## [Task input]

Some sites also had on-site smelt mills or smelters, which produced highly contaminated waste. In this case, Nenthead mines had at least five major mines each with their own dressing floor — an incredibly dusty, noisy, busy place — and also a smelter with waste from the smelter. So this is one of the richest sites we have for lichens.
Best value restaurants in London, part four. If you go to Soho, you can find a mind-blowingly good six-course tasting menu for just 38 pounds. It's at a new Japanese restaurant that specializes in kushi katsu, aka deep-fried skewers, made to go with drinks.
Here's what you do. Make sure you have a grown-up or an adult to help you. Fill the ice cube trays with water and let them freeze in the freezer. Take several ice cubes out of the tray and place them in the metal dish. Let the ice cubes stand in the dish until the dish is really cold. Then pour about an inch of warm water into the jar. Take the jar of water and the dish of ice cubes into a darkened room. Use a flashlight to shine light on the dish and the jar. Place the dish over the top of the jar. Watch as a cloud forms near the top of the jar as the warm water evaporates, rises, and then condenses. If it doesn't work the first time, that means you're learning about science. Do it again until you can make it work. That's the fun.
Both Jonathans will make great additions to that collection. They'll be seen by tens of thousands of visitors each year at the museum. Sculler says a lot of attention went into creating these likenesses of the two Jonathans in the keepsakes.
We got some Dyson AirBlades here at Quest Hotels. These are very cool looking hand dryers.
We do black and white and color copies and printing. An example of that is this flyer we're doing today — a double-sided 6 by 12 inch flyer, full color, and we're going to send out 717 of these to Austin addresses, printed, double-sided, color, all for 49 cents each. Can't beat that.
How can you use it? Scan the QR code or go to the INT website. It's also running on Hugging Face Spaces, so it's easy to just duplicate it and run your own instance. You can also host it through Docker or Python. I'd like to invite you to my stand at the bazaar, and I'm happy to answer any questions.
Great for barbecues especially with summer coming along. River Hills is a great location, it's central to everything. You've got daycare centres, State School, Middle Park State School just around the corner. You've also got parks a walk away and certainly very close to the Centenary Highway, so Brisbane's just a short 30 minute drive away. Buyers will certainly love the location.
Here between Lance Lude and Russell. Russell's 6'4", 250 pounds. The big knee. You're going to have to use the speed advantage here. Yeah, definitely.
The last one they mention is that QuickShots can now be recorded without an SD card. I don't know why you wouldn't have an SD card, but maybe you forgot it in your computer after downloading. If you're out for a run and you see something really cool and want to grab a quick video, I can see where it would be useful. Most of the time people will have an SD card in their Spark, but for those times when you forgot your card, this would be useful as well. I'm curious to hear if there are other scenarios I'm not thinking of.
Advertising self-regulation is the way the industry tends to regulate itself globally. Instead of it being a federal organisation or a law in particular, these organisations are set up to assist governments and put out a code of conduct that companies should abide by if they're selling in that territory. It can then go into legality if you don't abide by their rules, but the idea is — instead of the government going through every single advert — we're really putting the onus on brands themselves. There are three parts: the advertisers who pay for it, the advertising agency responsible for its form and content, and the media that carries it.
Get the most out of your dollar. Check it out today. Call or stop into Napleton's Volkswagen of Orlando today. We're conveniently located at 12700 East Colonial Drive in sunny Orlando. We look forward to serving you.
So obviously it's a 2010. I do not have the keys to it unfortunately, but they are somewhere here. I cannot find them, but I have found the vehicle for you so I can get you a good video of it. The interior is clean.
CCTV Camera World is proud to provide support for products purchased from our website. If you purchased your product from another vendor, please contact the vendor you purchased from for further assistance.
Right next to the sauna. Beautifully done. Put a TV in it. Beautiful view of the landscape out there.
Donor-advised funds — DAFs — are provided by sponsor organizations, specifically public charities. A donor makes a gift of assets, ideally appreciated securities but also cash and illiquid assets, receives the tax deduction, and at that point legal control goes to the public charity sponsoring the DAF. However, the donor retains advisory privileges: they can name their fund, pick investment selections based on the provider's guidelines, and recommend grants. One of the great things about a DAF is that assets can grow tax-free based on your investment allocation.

## [Activity]
If the string "today" is in a line of the entries, pick that line out.

## [Output]
We do black and white and color copies and printing. An example of that is this flyer we're doing today — a double-sided 6 by 12 inch flyer, full color, and we're going to send out 717 of these to Austin addresses, printed, double-sided, color, all for 49 cents each. Can't beat that.
Get the most out of your dollar. Check it out today. Call or stop into Napleton's Volkswagen of Orlando today. We're conveniently located at 12700 East Colonial Drive in sunny Orlando. We look forward to serving you.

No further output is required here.